In modern VA, Implementation is step one. This is in keeping with Leonardo daVinci's famous exhortation, "Think of the end before the beginning." Here are the steps:

· Prepare a list, before even starting the study, of all of the possible areas in which you might anticipate the results to fall.

· List all of the roadblocks which you might expect to strike in implementing those results.

· List all of the actions which you must consider during the study in order to circumvent those roadblocks. These lists are updated throughout the study. This commonly results in few surprises during the later effort to implement the results of the study. Implementation rates of a properly conducted VA study are typically very near 100%.

How should I go about developing a team?

The ideal VA team comprises five experts on the product under study, each from a different discipline. They must all be Decision-Makers whose assignment presently includes responsibilities on the product under study. The following capabilities must be included in the team:

DESIGN

Project Engineer, Chief Draftsman, Designer. Ideally the Engineer responsible for the product.

OPERATIONS

Factory Supervisor, Industrial Engineer, Manufacturing Engineer, Methods Engineer

COST

Cost Estimator, Industrial Engineer, Accountant

OUTREACH

Marketing, Sales, Field Service, Purchasing

CATALYST

A Constructive Troublemaker, possibly an Engineer, Product Manager, or Marketeer

Ownership: During the Synthesis Phase of the Job Plan, as ideas and concepts arise, the team leader asks team members which one of them will Champion the idea or concept. If no one raises a hand, the idea or concept is dropped. One who volunteers to become a Champion is charged with investigating the feasibility and economics of the idea or concept. This Champion Concept results in a series of solutions which are highly likely to be implemented.

Q: So what else is unique about the Value Method?

Several characteristics differentiate the Value Method from other techniques. These help ensure that the customer obtains the kind of product they need and want.

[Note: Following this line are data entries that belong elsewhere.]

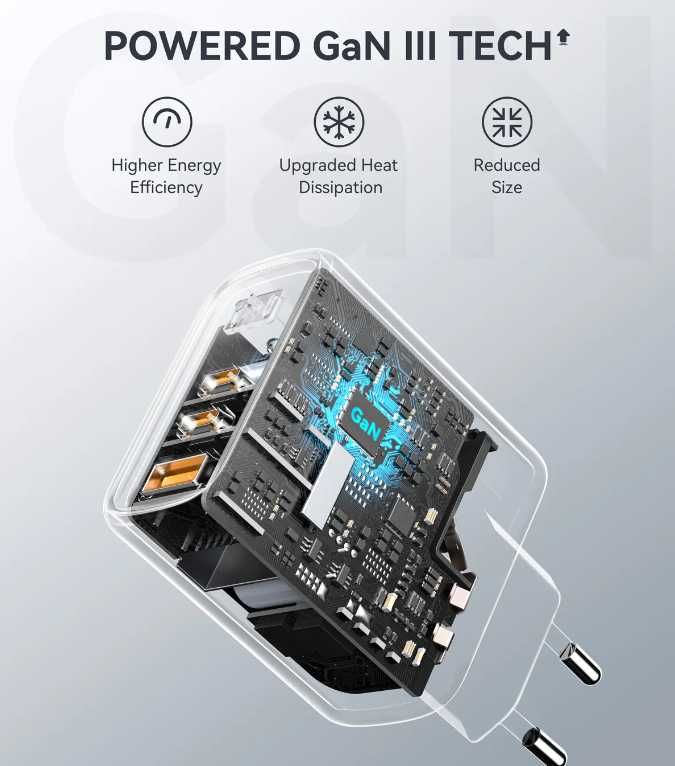 VOLTME Revo 65W Зарядно устройство Адаптер Бързо зареждане PPS SAMSUNG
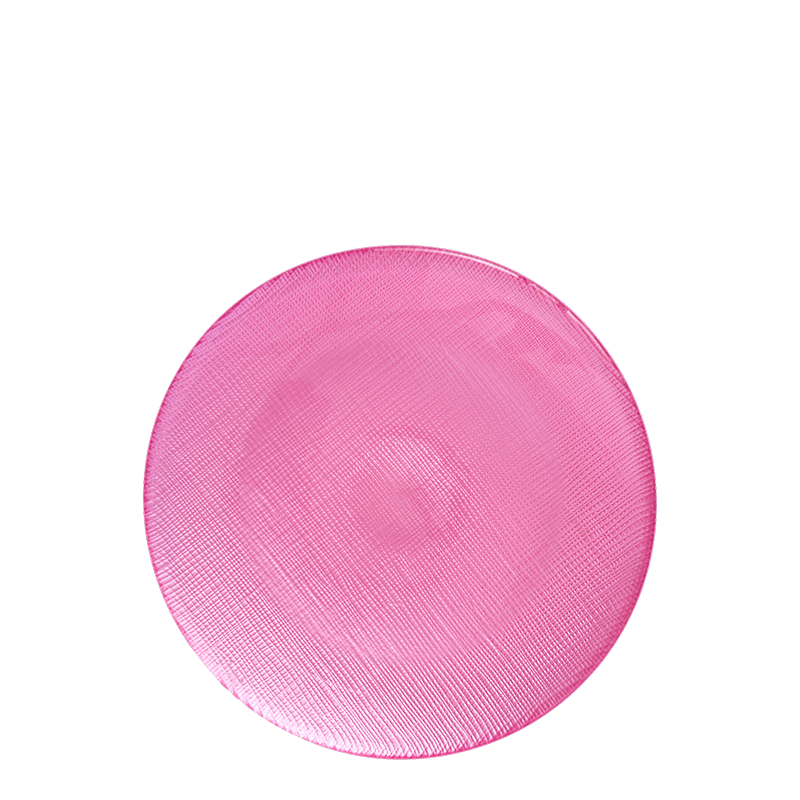 Glass Bread Plate Pink Ø 14 cm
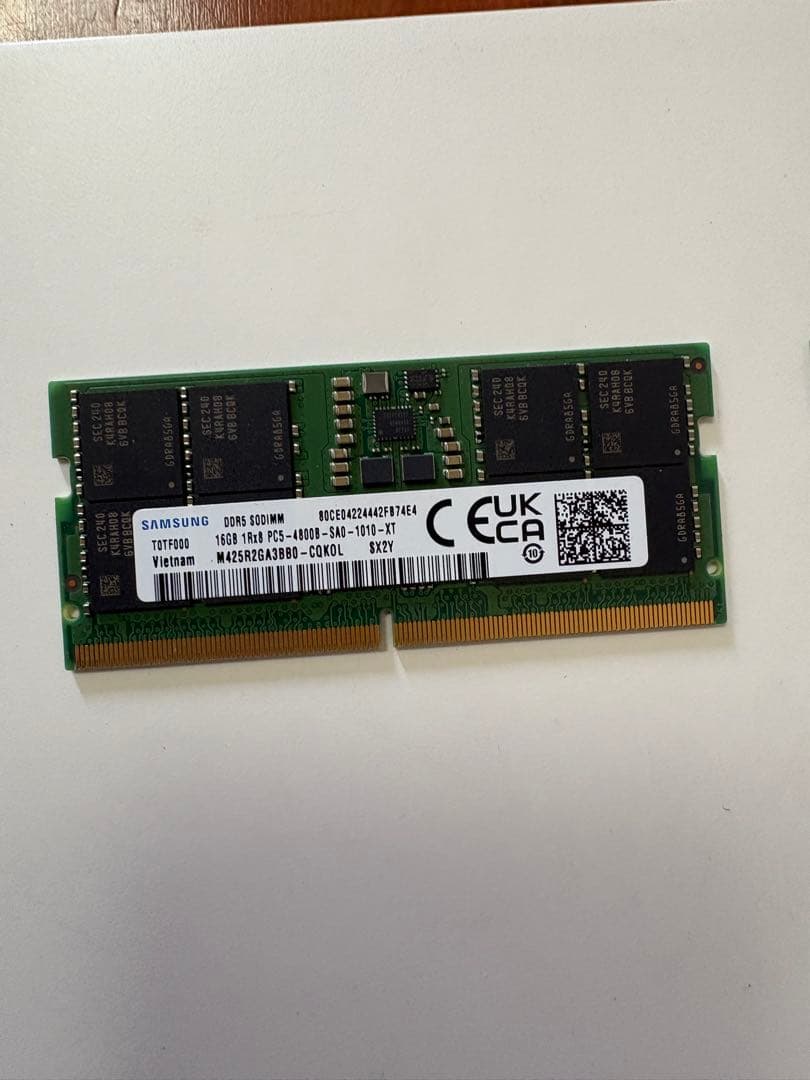 Samsung 16gb SODIMM メモリー x 2 32gb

  • Value-based decision process
  • Uses functional approach
  • Follows a very systematic and organized job plan
  • Directs efforts towards maximum possible alternatives through creativity techniques
  • Good results are produced by taking the appropriate action at the appropriate time. Unfortunately, the appropriate action and timing are rarely sufficiently clear. Also, there are natural organizational and human limitations that must be contended with by everyone. The Value Method takes human and organizational limitations into account in the key characteristic of its processes. When the fundamental "requirements" of the Value Method are adhered to by those making use of it, success is virtually guaranteed.
  • You may have heard of it.
    Applications of the Value Method are known by several common names. Value Engineering (VE), Value Analysis (VA), Value Management (VM), and Value Planning (VP) are some of the most common names used. These names describe small variations in the general Value Method process related to the timing, selection, type of activity, or other specific application. Application of the Method is usually referred to as value studies. Each year companies save billions of dollars in expenditures; improve quality, service while improving customer satisfaction; and increasing revenue, market share, and profits.
  • Systematic and organized
    The Value Method process uses tested and successful procedures that are directed toward achieving success in meeting the purposes for the "project" by all involved. The process instills "common understanding", generates high production and high performing team activities, reduces the time necessary to obtain a product, and focuses the efforts on the purposes behind the project or activity being studied. A standard job plan is used to guide the entire process.

Alternatives
The Value Method generates, examines, and refines creative alternatives toward the concept of producing an end product that produces high customer acceptance. The process endeavors to widen the number and scope of the available alternatives. This is done to increase the potential for enhanced satisfaction, and take advantage of the added expertise brought into the studied activity through the value study process.

Functions and FAST
One of the most unique and useful qualities of the Value Method is its use of functions to describe the activity or product being studied. The value study breaks the "project" into components so as to avoid misunderstanding of the planned intents for the project. Then a Functional Analysis is conducted on each component. In the Value Method process, functions are limited to the shortest sentence possible. Just two words are usually allowed: a verb (active preferred) and a noun (measurable preferred). The main functional purpose for the component being studied is the primary function. Of course, things often happen as a result of the choice of a component, or something must be done to make the selected component work as needed. These functions are called supporting or secondary functions. The results of the functional analysis are placed into a function-logic diagram called a FAST (a short term for Functional Analysis System Technique).

Value
The true value of an activity or product is its relationship to its perceived worth as opposed to its life-cycle costs. In Value Method terms: Value = Worth / Cost. When an item has a Value greater than 1.0, the item is perceived to be a fair or good value. When an item has a Value is less than 1.0, the item is perceived to be a poor value or bad value. When the perceived worth far exceeds the life-cycle cost, we usually consider purchasing the item.

Worth
The worth of a product involves many features. The most common cited are: benefits received, services obtained, satisfaction of the product performance, quality, safety, and convenience. The worth of the product is a measure of what is in it for the customers involved. It is a measure of how well the end product meets the involved essential needs and the added desires of those that have a voice in the product selection or its use. An end product must always supply the essential need, or its worth will be poor

Life-Cycle Costs
The true cost of an item is not just the amount of money that you pay when you buy it. Much more is involved. When you buy something, you also buy its long-term effects. The initial costs plus these long-term costs are called life-cycle costs. This includes things like the time involved to get the project done, the people needed (number, expertise and so on), the degree of difficulty involved, availability of money or other resources, the amount of maintenance needed, and the money that must be expended and kept in reserve.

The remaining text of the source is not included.